Nature Play: Increasing childhood exposure to risk and problem-solving through designed spaces
March 8, 2016
Children are losing contact with the natural world, developing what author Richard Louv describes as “Nature Deficiency Disorder” in his book The Last Child in The Woods. This realization has struck home in our society and we’ve begun to find ways to address it. Community leaders, teachers, advocacy organizations, and parents want more nature in the lives of children to combat the dismal prospect of growing a generation that doesn’t value or understand the natural world. The way children engage with spaces and learn in different environments is the focus of applied academic research, fueled in part to the acute societal need to encourage physical activity to prevent obesity and a host of other chronic diseases. Through these lenses, designing for play and learning is changing also. Landscape architects and planners are creating environments that engage children and adults differently—more imaginatively, actively and naturally. Yet there are important technical and safety factors to designing, specifying and implementing non-standard play elements—and stakeholder engagement is another critical step in the process.

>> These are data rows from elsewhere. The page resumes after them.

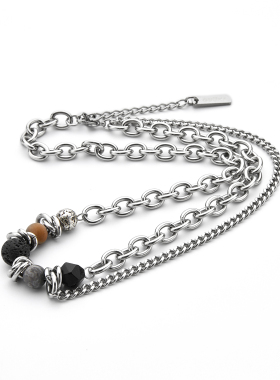 GUUKA古巴链结合蛇骨链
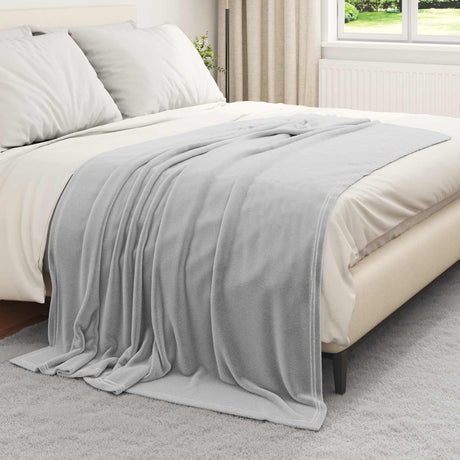 Vidaxl kleden 6 st grijs 150 x 200 cm 4.68 kg fleece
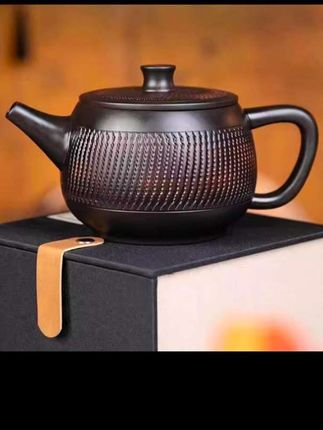 紫陶跳刀汉瓦壶#汉瓦壶 #茶壶 #茶壶茶具 #跳刀 #好物推荐🔥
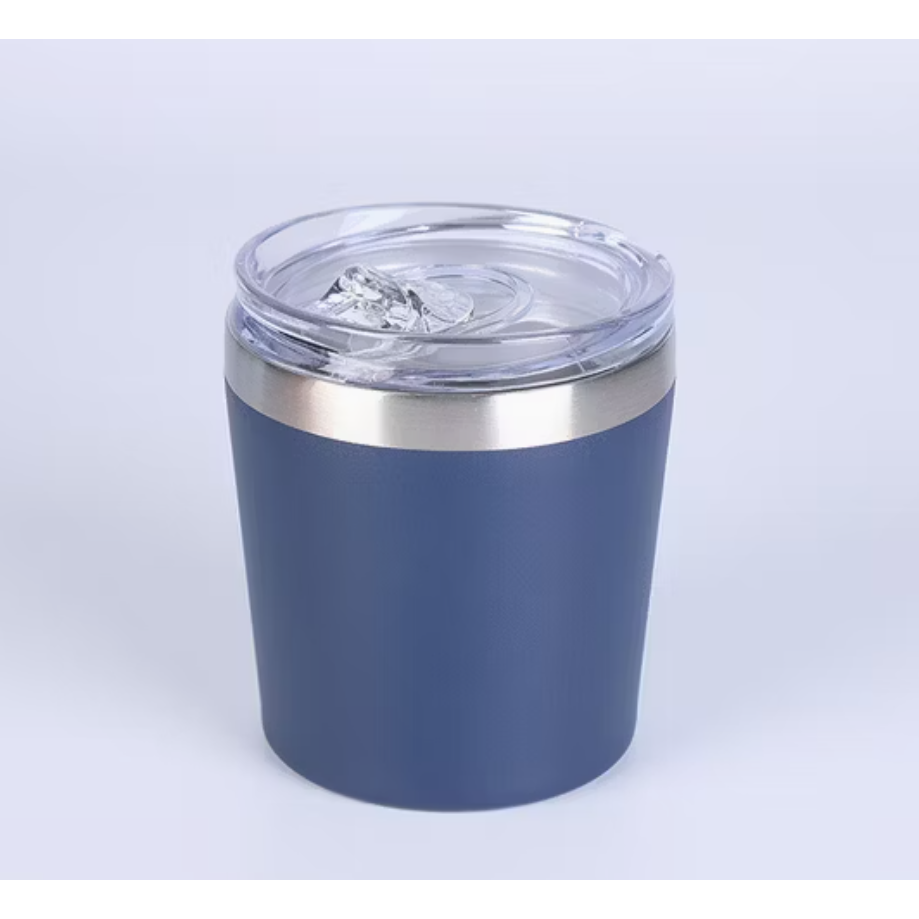 Coffee Tumbler, Double wall, Stainless steel, Dark Blue - 8oz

Through speakers and case studies, this symposium will cover crucial considerations in planning and designing children’s play environments. Jesse Turner, MLA, PLA, Director of LIFT Environmental Design, and the designer of numerous award-winning landscapes and creative play areas, will frame the discussion with insights from his career. His keynote address will include a primer on how children play, how to create play landscapes that promote activity, technical aspects of custom components, issues of accessibility, engaging stakeholders, and safety standards and codes. This talk will be followed by presentations and critiques of three current Design Workshop projects with play environments.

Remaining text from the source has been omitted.